### Provided records
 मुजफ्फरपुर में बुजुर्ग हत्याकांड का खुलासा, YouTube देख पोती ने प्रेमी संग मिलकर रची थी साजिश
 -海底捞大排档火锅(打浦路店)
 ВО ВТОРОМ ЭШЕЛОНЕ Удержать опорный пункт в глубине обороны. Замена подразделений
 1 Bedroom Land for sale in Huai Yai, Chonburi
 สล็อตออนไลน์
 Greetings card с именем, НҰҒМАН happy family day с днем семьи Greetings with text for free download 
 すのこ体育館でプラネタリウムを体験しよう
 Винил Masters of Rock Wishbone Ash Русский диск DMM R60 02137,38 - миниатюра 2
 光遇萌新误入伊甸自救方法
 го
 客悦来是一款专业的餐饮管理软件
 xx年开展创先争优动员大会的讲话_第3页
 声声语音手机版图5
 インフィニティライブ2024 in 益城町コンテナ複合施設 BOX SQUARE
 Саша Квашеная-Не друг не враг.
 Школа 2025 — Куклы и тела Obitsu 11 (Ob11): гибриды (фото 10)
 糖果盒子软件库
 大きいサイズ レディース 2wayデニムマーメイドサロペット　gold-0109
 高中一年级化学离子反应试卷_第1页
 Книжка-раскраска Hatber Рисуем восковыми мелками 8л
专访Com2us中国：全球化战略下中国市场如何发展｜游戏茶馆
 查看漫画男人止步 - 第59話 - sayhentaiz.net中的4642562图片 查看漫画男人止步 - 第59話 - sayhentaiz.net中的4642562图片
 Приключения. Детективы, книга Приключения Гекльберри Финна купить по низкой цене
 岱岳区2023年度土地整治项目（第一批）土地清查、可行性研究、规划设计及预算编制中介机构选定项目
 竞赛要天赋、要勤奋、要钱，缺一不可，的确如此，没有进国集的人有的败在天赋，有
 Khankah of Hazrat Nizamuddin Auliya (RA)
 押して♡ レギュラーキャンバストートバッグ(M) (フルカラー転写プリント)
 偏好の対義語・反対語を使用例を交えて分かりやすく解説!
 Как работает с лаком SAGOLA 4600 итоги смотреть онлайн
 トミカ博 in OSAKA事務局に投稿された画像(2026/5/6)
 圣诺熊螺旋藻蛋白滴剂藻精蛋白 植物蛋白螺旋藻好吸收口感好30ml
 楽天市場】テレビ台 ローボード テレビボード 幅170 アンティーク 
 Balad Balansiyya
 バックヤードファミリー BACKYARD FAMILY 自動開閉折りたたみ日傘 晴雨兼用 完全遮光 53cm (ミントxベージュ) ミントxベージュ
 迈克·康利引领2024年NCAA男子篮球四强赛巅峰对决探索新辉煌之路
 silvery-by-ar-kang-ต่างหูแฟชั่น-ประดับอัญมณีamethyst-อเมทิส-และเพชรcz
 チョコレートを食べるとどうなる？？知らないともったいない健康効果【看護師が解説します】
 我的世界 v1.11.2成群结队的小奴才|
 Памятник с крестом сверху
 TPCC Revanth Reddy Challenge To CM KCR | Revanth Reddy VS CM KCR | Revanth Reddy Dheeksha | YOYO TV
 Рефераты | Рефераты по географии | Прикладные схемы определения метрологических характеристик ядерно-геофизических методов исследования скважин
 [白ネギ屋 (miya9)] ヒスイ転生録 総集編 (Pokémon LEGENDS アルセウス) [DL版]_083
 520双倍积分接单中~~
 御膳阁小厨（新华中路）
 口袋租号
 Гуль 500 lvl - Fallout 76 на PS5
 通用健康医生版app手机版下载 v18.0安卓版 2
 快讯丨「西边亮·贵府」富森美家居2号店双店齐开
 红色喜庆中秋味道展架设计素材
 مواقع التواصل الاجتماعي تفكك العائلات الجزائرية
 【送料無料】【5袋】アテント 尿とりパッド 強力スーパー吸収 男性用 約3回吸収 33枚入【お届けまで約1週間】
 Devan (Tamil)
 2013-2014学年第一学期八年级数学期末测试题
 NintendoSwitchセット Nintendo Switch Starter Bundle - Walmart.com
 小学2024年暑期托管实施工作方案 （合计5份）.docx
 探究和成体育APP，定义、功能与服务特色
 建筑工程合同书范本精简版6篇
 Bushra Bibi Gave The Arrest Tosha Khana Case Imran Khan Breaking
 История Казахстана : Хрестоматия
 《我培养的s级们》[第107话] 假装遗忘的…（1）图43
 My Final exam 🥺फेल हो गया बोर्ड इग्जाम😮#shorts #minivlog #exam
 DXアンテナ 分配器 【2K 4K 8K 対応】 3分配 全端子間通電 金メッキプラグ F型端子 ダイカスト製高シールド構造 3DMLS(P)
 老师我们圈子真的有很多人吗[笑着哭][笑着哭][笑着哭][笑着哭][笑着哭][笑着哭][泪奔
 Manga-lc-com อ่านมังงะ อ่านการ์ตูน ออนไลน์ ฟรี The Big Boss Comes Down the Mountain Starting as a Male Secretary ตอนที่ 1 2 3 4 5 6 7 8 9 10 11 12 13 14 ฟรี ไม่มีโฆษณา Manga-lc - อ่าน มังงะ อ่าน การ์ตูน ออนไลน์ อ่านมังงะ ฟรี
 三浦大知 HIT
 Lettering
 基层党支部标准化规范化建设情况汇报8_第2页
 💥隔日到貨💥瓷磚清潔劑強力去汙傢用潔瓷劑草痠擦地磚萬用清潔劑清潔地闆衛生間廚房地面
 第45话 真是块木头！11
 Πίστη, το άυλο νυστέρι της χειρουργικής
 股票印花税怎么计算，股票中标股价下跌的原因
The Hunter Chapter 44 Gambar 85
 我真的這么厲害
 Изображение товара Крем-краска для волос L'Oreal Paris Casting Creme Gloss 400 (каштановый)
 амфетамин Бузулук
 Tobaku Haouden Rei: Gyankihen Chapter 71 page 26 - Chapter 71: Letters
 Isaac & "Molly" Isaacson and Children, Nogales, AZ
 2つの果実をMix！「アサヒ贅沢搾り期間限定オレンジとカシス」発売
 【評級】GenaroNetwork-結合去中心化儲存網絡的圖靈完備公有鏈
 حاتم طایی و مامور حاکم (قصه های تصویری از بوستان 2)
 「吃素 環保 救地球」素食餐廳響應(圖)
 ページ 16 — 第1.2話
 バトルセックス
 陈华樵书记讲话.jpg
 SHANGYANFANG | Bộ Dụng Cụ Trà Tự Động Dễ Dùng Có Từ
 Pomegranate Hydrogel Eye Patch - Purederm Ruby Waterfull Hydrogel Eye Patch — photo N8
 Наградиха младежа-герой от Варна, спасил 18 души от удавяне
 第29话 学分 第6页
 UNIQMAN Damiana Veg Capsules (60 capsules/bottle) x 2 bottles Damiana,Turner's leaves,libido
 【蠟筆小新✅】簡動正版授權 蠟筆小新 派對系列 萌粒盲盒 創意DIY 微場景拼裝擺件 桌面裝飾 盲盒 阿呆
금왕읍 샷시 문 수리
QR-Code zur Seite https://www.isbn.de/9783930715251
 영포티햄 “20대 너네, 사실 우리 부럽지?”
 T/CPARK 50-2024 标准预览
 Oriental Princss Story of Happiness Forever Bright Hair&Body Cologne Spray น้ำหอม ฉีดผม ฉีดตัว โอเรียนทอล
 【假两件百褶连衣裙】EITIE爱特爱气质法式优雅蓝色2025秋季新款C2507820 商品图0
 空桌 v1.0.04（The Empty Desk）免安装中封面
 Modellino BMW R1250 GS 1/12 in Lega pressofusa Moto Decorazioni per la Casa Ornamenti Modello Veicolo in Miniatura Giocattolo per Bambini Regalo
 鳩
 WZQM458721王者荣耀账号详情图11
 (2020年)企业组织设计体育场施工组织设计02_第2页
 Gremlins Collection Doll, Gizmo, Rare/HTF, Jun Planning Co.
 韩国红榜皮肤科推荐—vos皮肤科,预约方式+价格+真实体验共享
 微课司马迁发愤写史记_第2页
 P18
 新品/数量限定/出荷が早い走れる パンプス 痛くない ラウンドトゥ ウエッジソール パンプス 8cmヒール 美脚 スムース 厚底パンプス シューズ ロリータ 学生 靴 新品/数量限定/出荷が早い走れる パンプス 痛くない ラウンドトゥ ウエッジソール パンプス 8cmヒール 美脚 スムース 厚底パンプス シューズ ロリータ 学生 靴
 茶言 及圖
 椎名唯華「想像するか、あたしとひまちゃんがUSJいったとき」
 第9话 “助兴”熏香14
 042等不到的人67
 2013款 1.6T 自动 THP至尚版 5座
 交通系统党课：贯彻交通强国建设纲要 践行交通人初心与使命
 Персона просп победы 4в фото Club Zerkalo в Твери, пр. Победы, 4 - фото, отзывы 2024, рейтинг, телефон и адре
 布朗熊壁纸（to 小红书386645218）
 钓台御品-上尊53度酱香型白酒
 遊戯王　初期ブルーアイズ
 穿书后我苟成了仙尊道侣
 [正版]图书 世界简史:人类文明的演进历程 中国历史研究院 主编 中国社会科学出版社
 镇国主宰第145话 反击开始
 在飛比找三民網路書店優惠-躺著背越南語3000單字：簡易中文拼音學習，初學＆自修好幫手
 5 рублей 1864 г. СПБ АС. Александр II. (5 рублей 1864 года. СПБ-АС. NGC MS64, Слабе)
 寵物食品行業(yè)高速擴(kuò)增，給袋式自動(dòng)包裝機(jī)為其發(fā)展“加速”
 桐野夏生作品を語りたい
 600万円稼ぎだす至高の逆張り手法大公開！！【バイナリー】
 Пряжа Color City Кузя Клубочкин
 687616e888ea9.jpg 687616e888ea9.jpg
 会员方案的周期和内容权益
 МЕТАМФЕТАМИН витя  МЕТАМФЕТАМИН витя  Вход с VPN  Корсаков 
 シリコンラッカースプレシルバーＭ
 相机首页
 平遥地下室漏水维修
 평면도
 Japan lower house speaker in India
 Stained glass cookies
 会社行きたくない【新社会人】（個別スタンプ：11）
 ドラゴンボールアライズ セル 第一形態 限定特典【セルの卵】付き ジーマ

### Action item
Each line between the start of the listing above and the line containing "Как работает с", with both ends counted, is to be set down unchanged.

### Response area
 मुजफ्फरपुर में बुजुर्ग हत्याकांड का खुलासा, YouTube देख पोती ने प्रेमी संग मिलकर रची थी साजिश
 -海底捞大排档火锅(打浦路店)
 ВО ВТОРОМ ЭШЕЛОНЕ Удержать опорный пункт в глубине обороны. Замена подразделений
 1 Bedroom Land for sale in Huai Yai, Chonburi
 สล็อตออนไลน์
 Greetings card с именем, НҰҒМАН happy family day с днем семьи Greetings with text for free download 
 すのこ体育館でプラネタリウムを体験しよう
 Винил Masters of Rock Wishbone Ash Русский диск DMM R60 02137,38 - миниатюра 2
 光遇萌新误入伊甸自救方法
 го
 客悦来是一款专业的餐饮管理软件
 xx年开展创先争优动员大会的讲话_第3页
 声声语音手机版图5
 インフィニティライブ2024 in 益城町コンテナ複合施設 BOX SQUARE
 Саша Квашеная-Не друг не враг.
 Школа 2025 — Куклы и тела Obitsu 11 (Ob11): гибриды (фото 10)
 糖果盒子软件库
 大きいサイズ レディース 2wayデニムマーメイドサロペット　gold-0109
 高中一年级化学离子反应试卷_第1页
 Книжка-раскраска Hatber Рисуем восковыми мелками 8л
专访Com2us中国：全球化战略下中国市场如何发展｜游戏茶馆
 查看漫画男人止步 - 第59話 - sayhentaiz.net中的4642562图片 查看漫画男人止步 - 第59話 - sayhentaiz.net中的4642562图片
 Приключения. Детективы, книга Приключения Гекльберри Финна купить по низкой цене
 岱岳区2023年度土地整治项目（第一批）土地清查、可行性研究、规划设计及预算编制中介机构选定项目
 竞赛要天赋、要勤奋、要钱，缺一不可，的确如此，没有进国集的人有的败在天赋，有
 Khankah of Hazrat Nizamuddin Auliya (RA)
 押して♡ レギュラーキャンバストートバッグ(M) (フルカラー転写プリント)
 偏好の対義語・反対語を使用例を交えて分かりやすく解説!
 Как работает с лаком SAGOLA 4600 итоги смотреть онлайн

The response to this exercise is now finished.